Records drawn from a dataset:
* * * * * * *

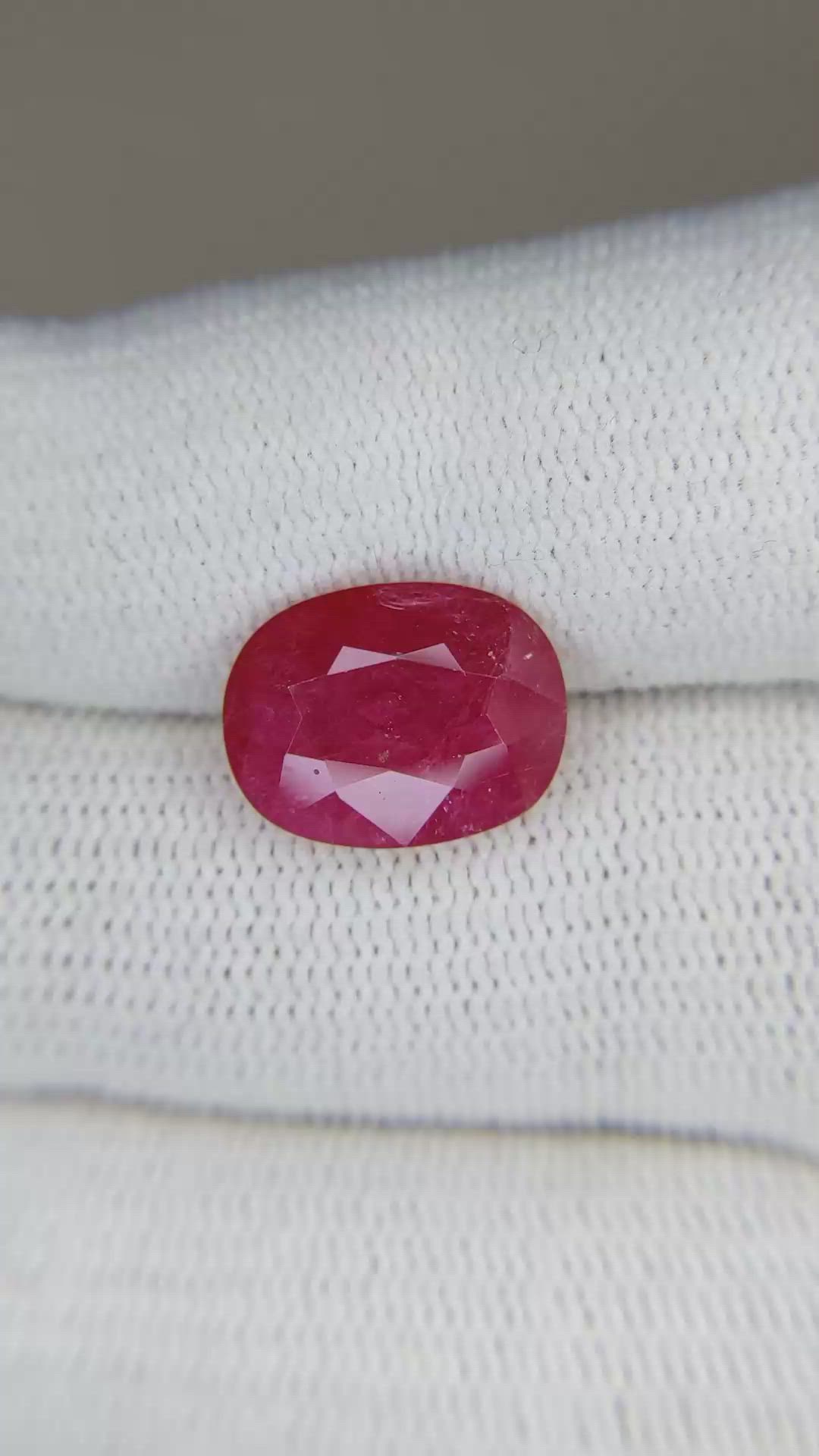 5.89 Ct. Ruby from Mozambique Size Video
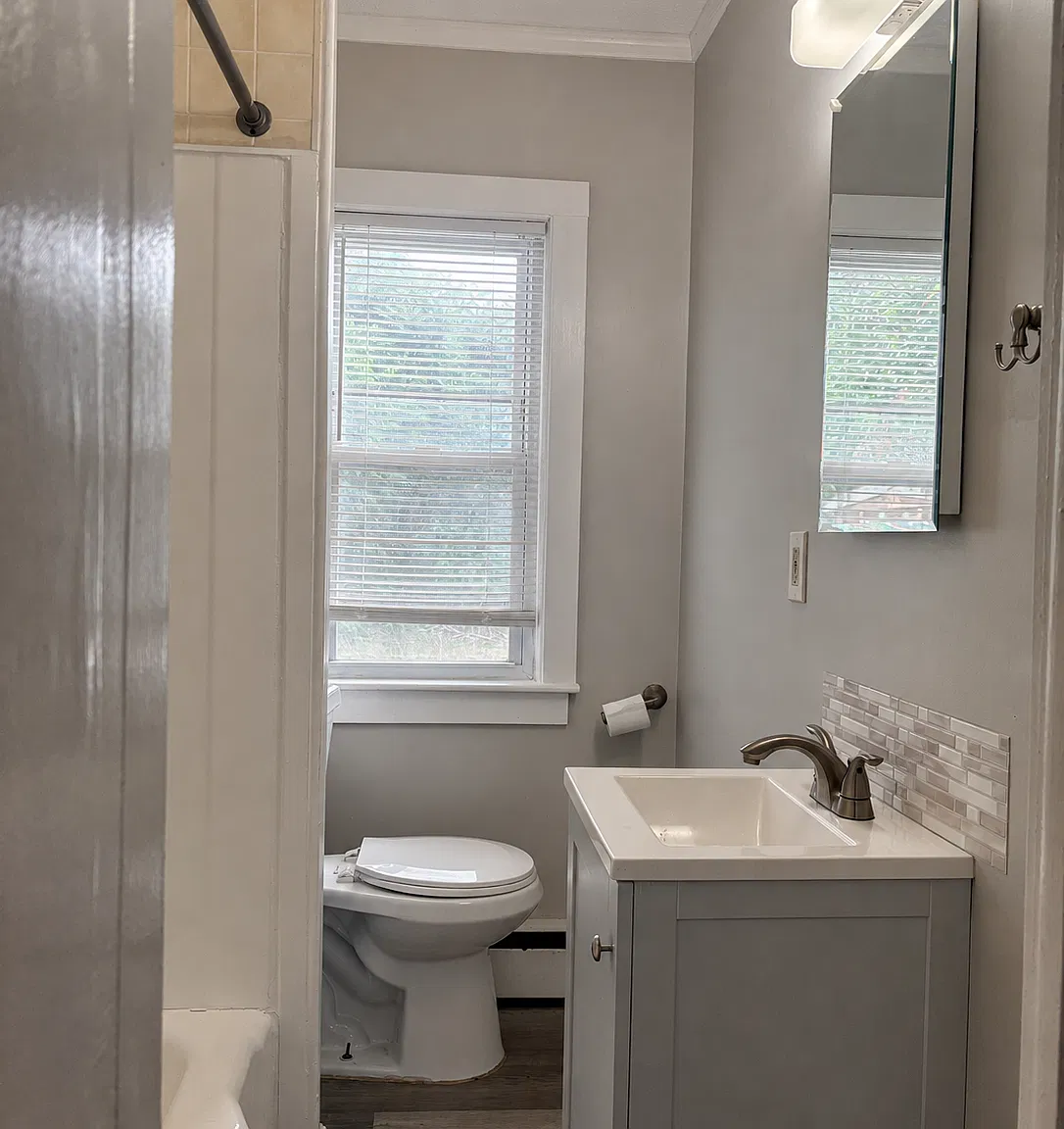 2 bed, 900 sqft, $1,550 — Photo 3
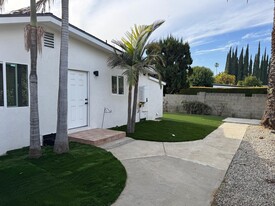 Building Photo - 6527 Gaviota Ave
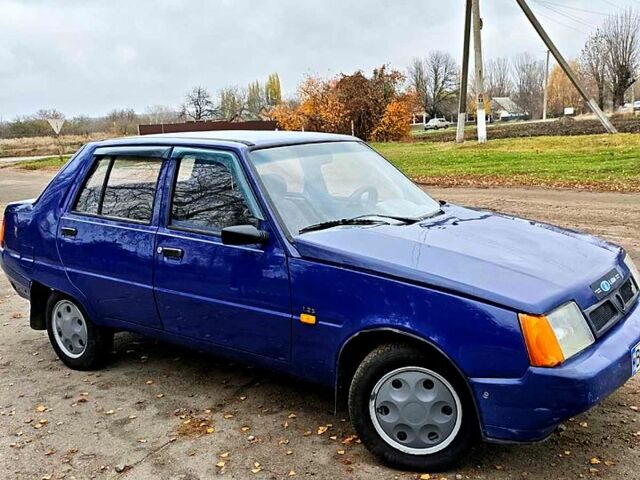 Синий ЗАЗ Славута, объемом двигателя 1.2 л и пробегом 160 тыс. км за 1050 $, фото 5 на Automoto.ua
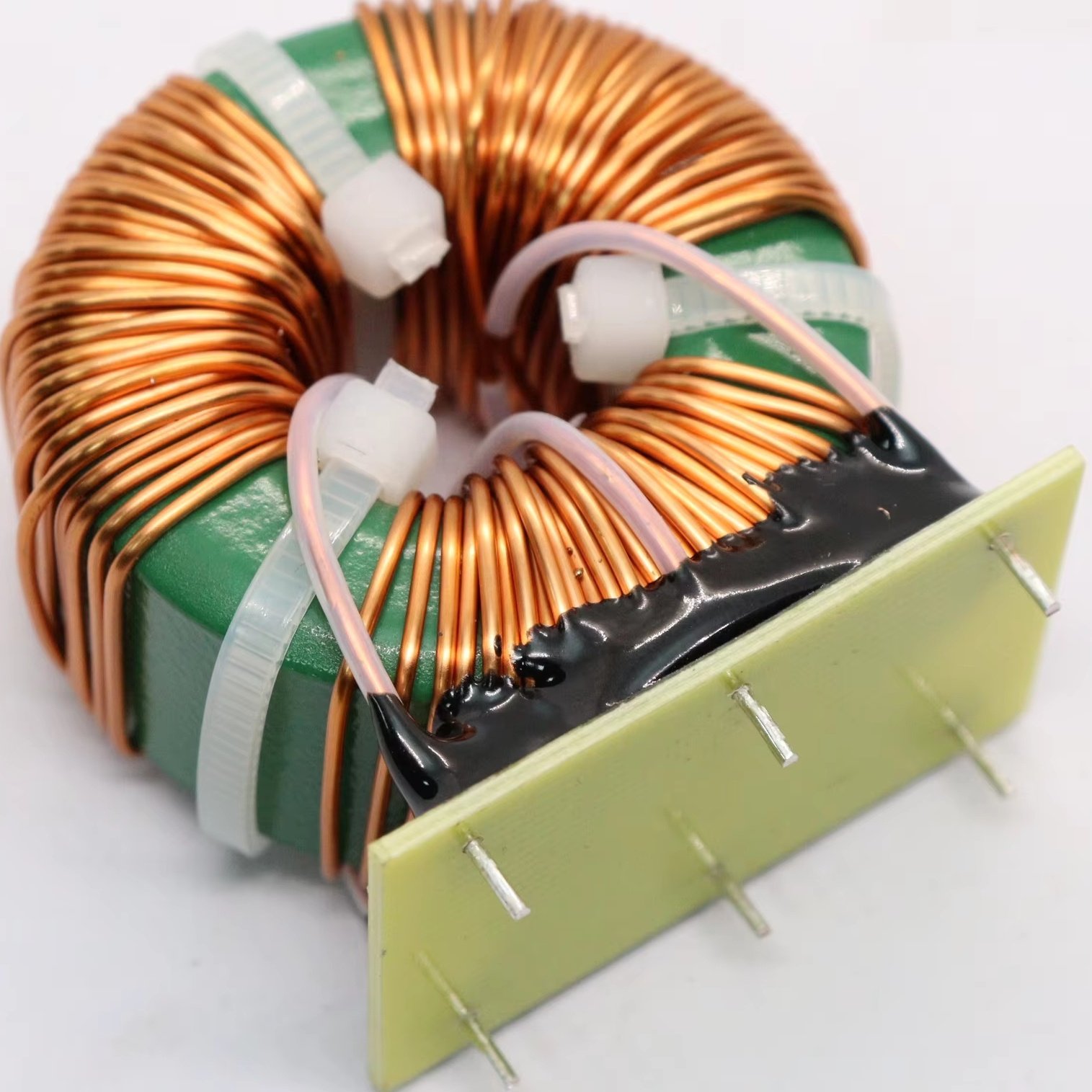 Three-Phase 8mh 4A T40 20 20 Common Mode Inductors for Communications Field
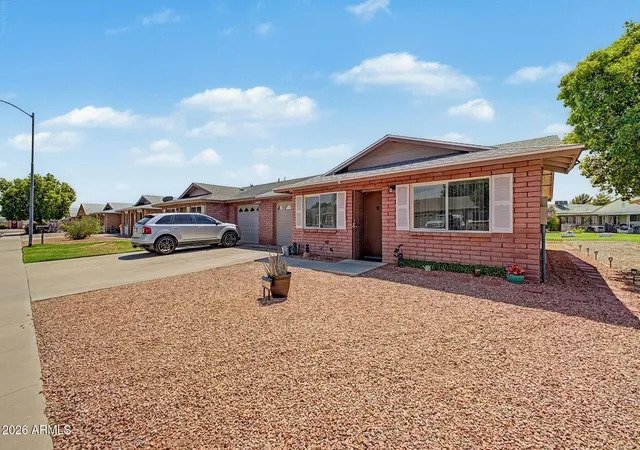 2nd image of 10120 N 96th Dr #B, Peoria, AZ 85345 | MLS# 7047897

* * * * * * *

### [Exercise goal]
Write out every line above exactly, minus images.

### [Result of the exercise]
 5.89 Ct. Ruby from Mozambique Size Video
 2 bed, 900 sqft, $1,550 — Photo 3
 Building Photo - 6527 Gaviota Ave
 Синий ЗАЗ Славута, объемом двигателя 1.2 л и пробегом 160 тыс. км за 1050 $, фото 5 на Automoto.ua
 Three-Phase 8mh 4A T40 20 20 Common Mode Inductors for Communications Field
 2nd image of 10120 N 96th Dr #B, Peoria, AZ 85345 | MLS# 7047897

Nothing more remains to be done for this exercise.